01 septembre 2005

Clientélisme fiscal 

Après avoir brillamment réussi à restaurer la confiance des Français, Villepin s'attaque donc à la réforme du système fiscal, et notamment à celui de nos impôts qui est le plus lourd, le plus confiscatoire et le plus pénalisant pour l'activité économique et le pouvoir d'achat des classes moyennes.

Bernard Salanié
critique vertement la rhétorique du Premier ministre et rappelle quelques vérites élémentaires sur la définition des classes moyennes, sur la réalité de l'effet désincitatif de l'IRPP à ses niveaux actuels et sur la courbe en U des taux marginaux d'imposition. Il a entièrement raison.

Cela dit, il me semble qu'on aurait tort (mon avis diffère donc de celui de Versac sur point) de de rejeter en bloc l'ensemble des mesures fiscales annoncées par Villepin : la mensualisation et l'augmentation de la prime de l'emploi me semblent ainsi, a priori, de très bonnes mesures, qui corrigent en partie les faiblesses actuelles du dispositif (voir sur l'évaluation de la PPE, un bilan publié par la revue de l'OFCE ainsi que le compte-rendu d'un débat sur la question).

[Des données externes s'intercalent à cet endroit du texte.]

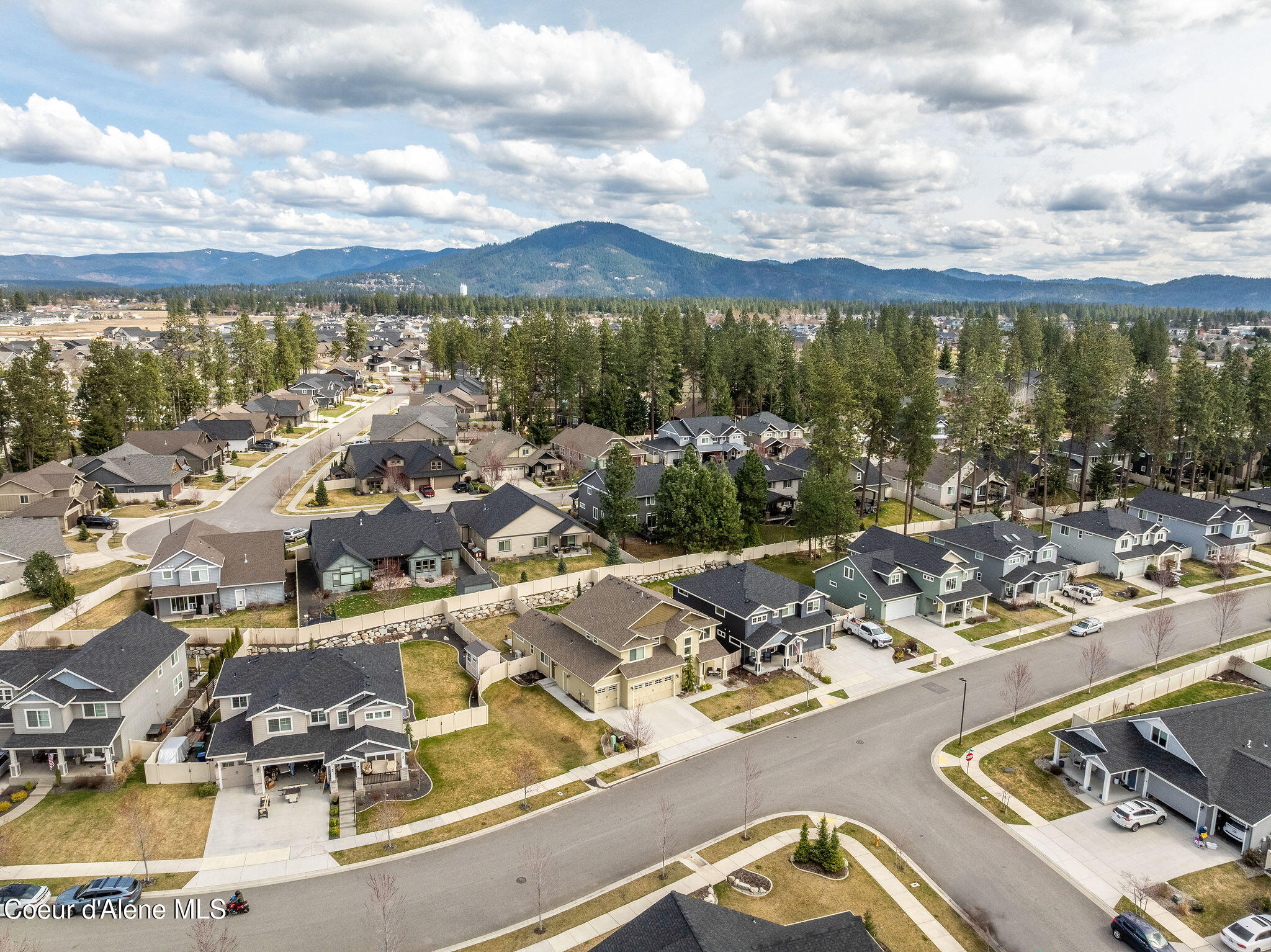 7028 N MADELLAINE DR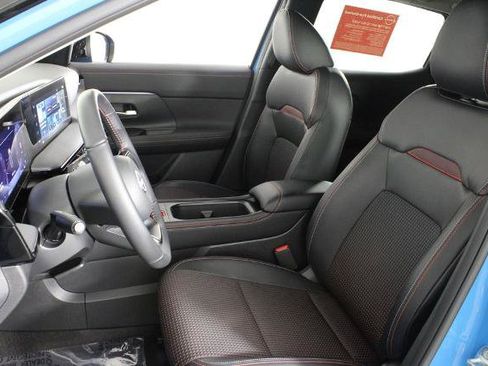Certified 2025 Nissan Kicks SR FWD image 20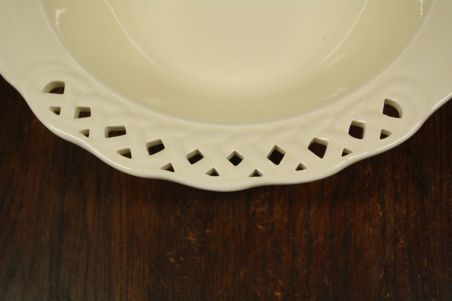 (n-8305/2) Tiffany Boutique, kreemikad pitsilised suured kausid, 2tk komplektis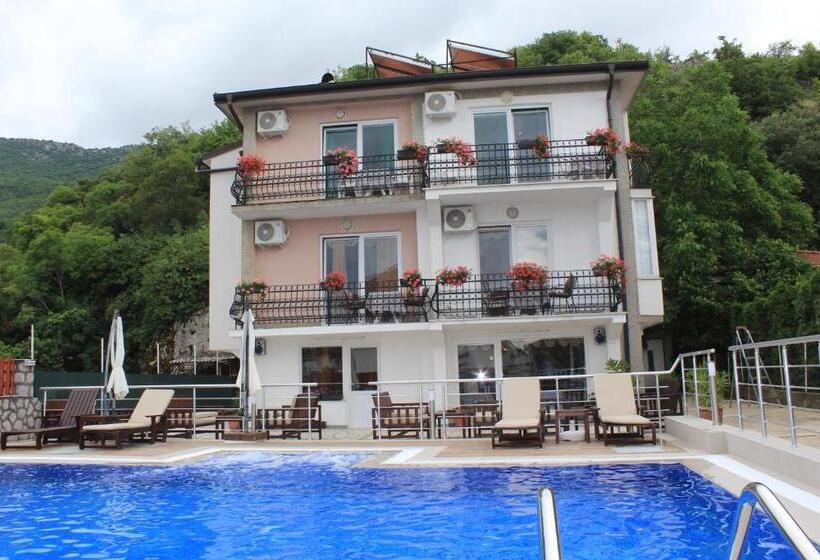 پانسیون Villa Mimi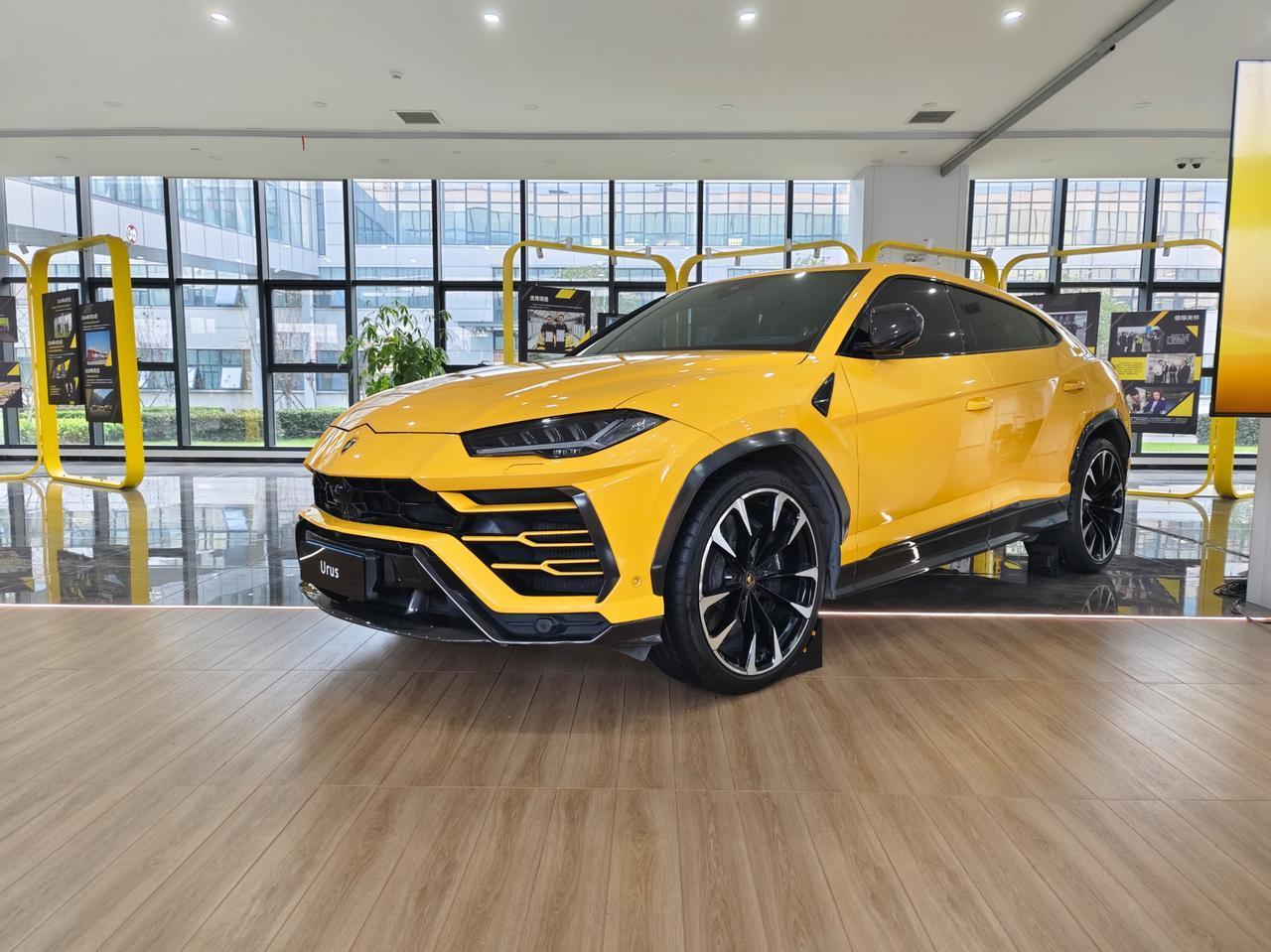 兰博基尼Urus、法拉利Purosangue、莲花ForMe，借给你开一周任开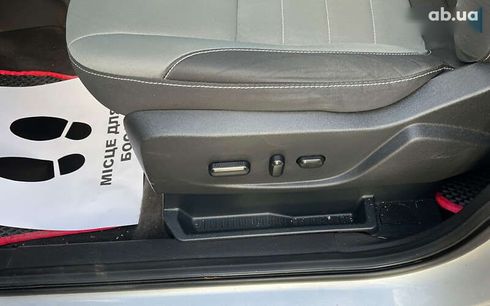 Ford Escape 2016 - фото 22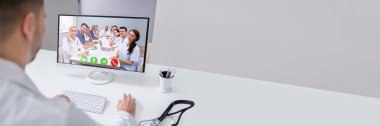 Genç Erkek Doktor Klinikte Laptop 'ta Video Sohbeti
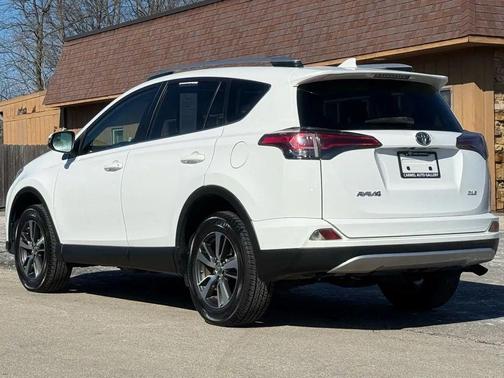 2016 Toyota RAV4 XLE
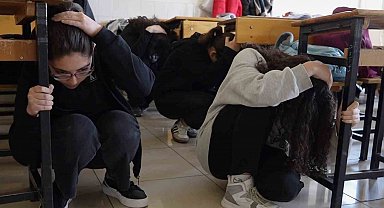 Kırıkkale'de okullarda deprem ve tahliye tatbikatı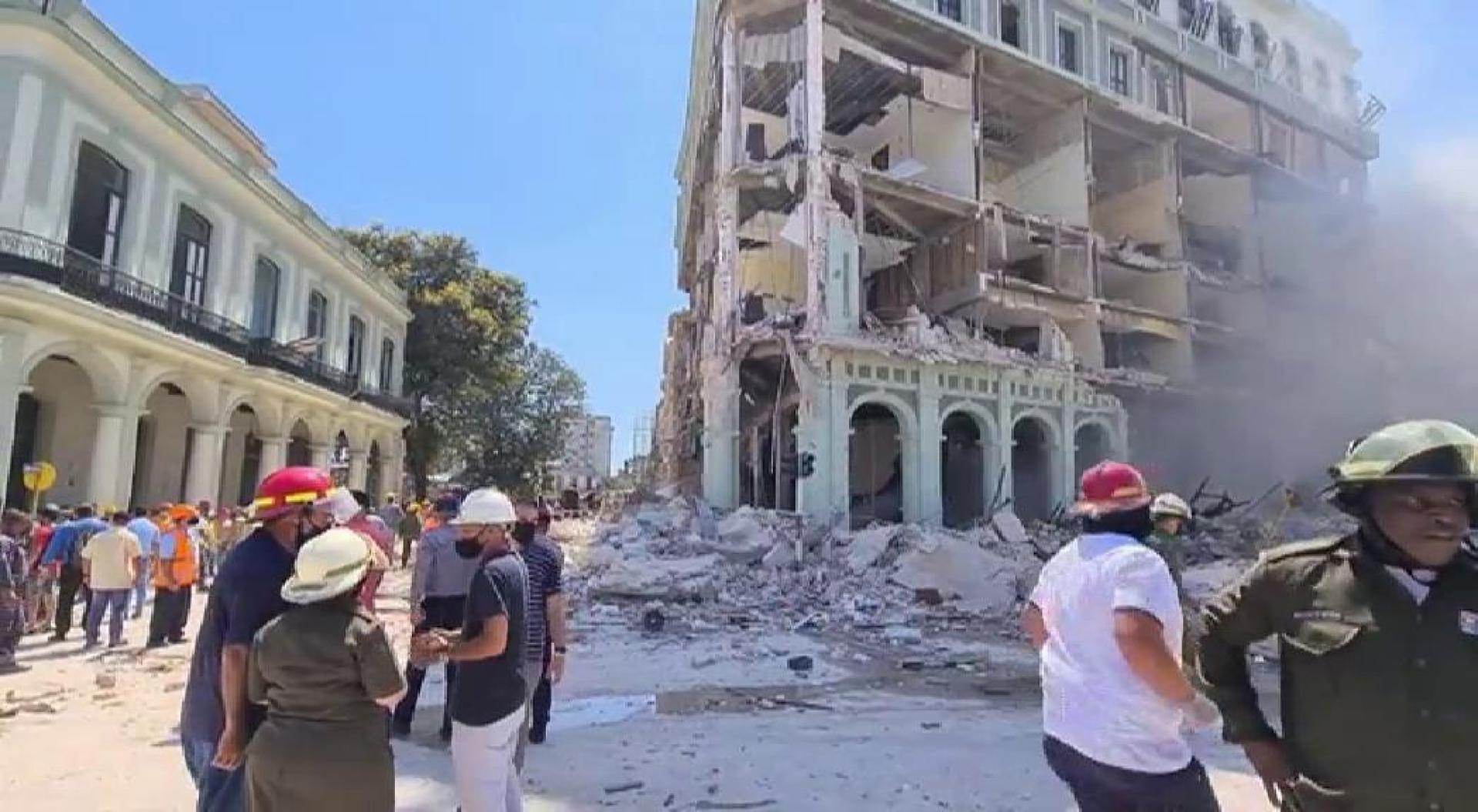 Una fuerte explosión ha provocado la destrucción parcial del Hotel Saratoga, en el centro de La Habana (Cuba), cerca del Capitolio. La explosión, que se pudo deber a un escape de gas, se produjo a las 11:43 hora local. Causó daños también en un edificio de viviendas y en la escuela Primaria Concepción Arenal, cercanos al hotel.
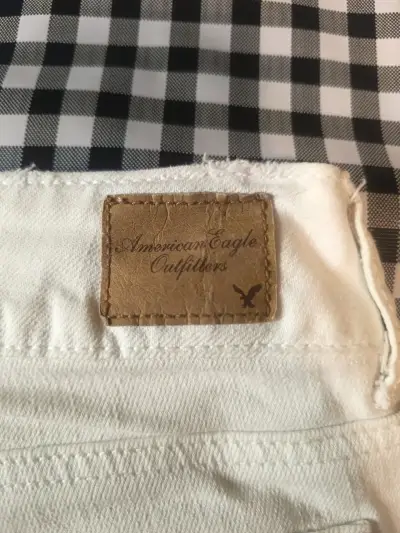 Shorts blancos American Eagle para mujer - miniatura 3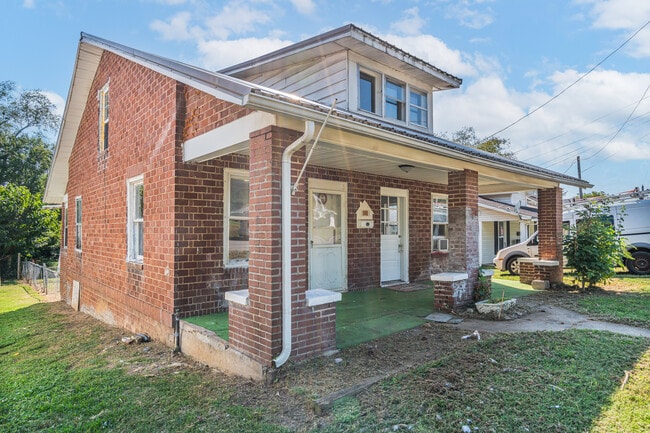 Photo - 120 E Oak St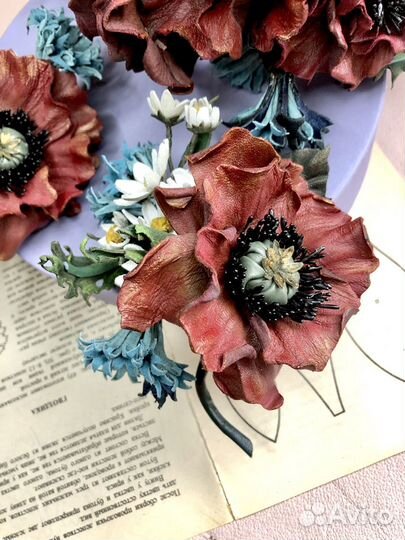 Брошь из кожи Весенний букет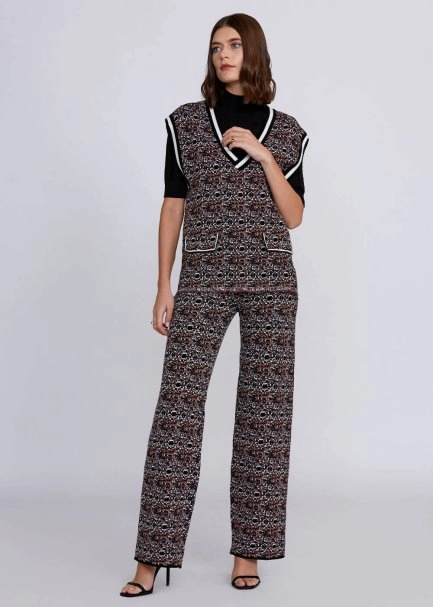Jacquard Detailed Regular Fit Knit Pants - 2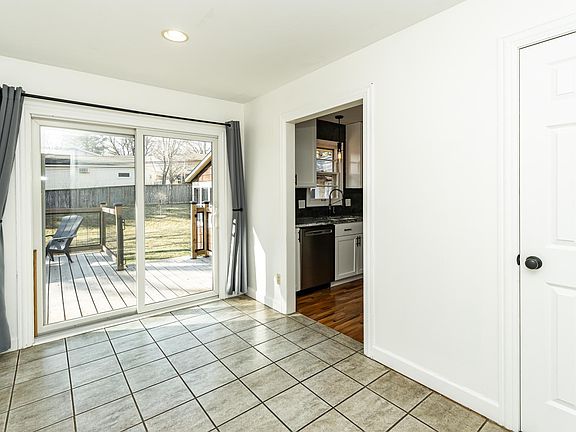 5th image of 3802 5th St NW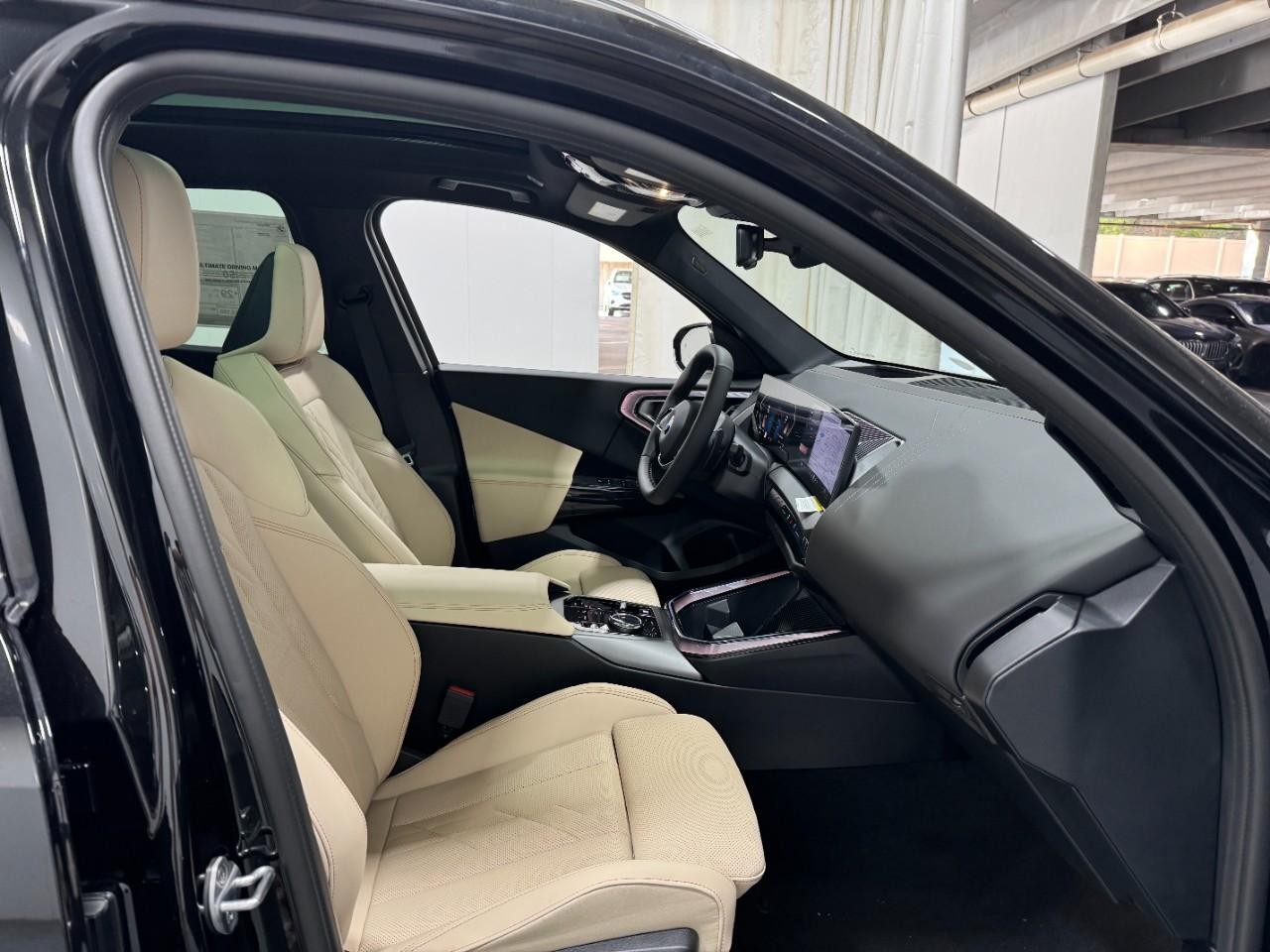 BMW X3 Vehicle Full-screen Gallery Image 18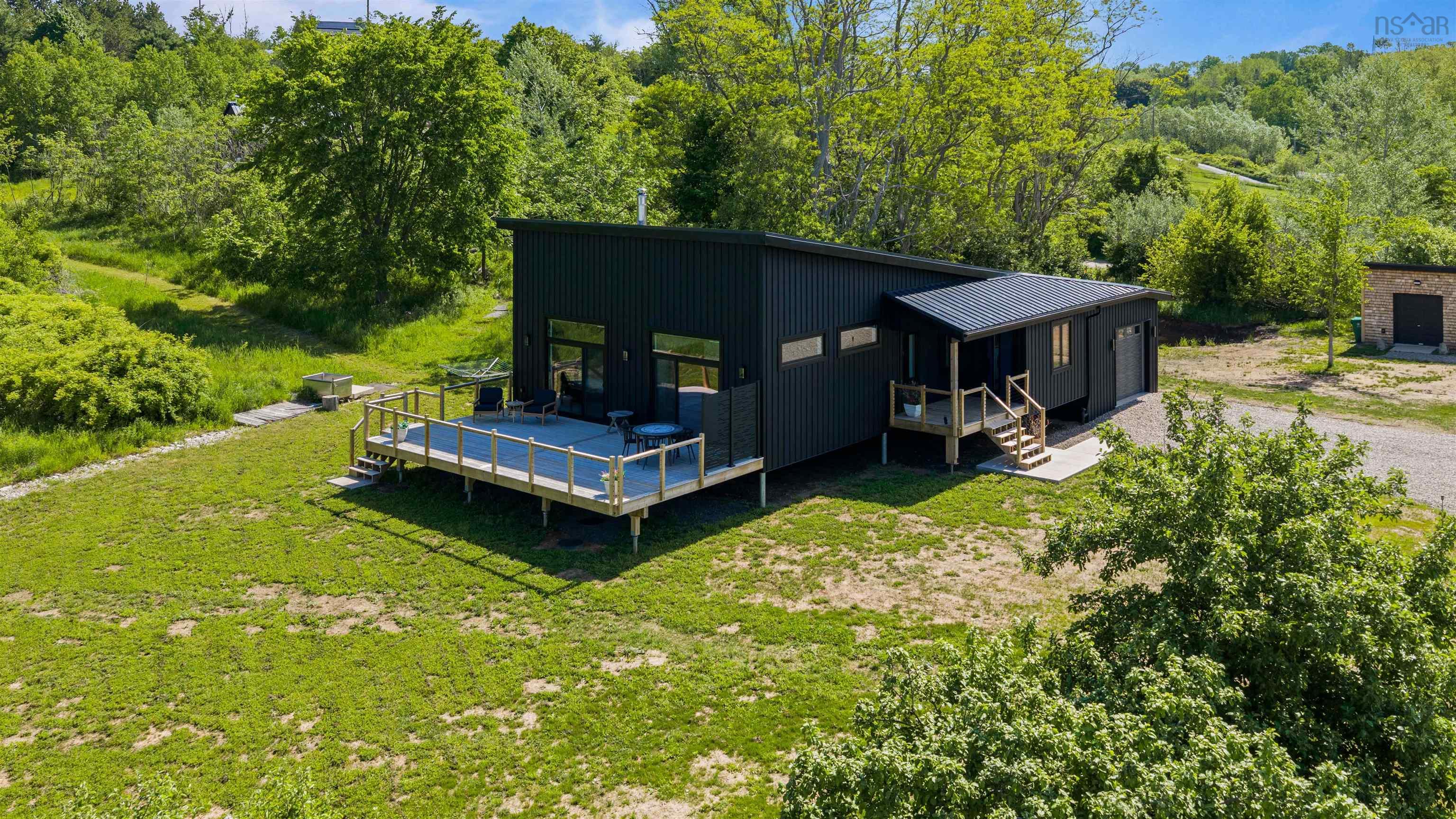 $685,000.00: 7 New Town Road, Avondale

La suppression de l'abattement de 20% combinée à une baisse des taux "faciaux" de l'IRPP va également dans le bon sens, même si tout indique qu'aucune mesure ne sera prise pour neutraliser le transfert en faveur des foyers très riches que suppose la disparition automatique du plafonnement (fixé à 117 900 € en 2004) des sommes pouvant bénéficier de l'abattement.

Surtout, il me semble nécessaire d'éviter de mettre le prochain rapport du Conseil d'analyse économique sur la fiscalité rédigé par Jacques Le Cacheux et Christiant Saint-Etienne dans le même sac que le fourre-tout du plan Villepin. Il est évidemment trop tôt pour se prononcer définitivement (le rapport ne sera rendu public que le 22 septembre, même si certains journalistes semblent avoir pu le lire depuis juillet) mais tout ce qui a filtré jusqu'à présent est vraiment très encourageant : élargissement de l'assiette pour baisser les taux (tant sur l'IRPP que sur l'IS), suppression de la plupart des niches fiscales et augmentation de la CSG de façon à moins faire peser le poids de prélèvements sur les salaires. Et le tout à recettes fiscales constantes. Je suis certes assez sceptique sur la nécessité de baisser le produit de l'IS (les études sérieuses sur la question montrent que la France se situe plutôt dans la moyenne européenne quand on corrige les effets d'assiette), mais, pour le reste, il y aurait de quoi s'enthousiasmer, à condition d'oublier qu'il s'agit là, quand même, de fiscalité.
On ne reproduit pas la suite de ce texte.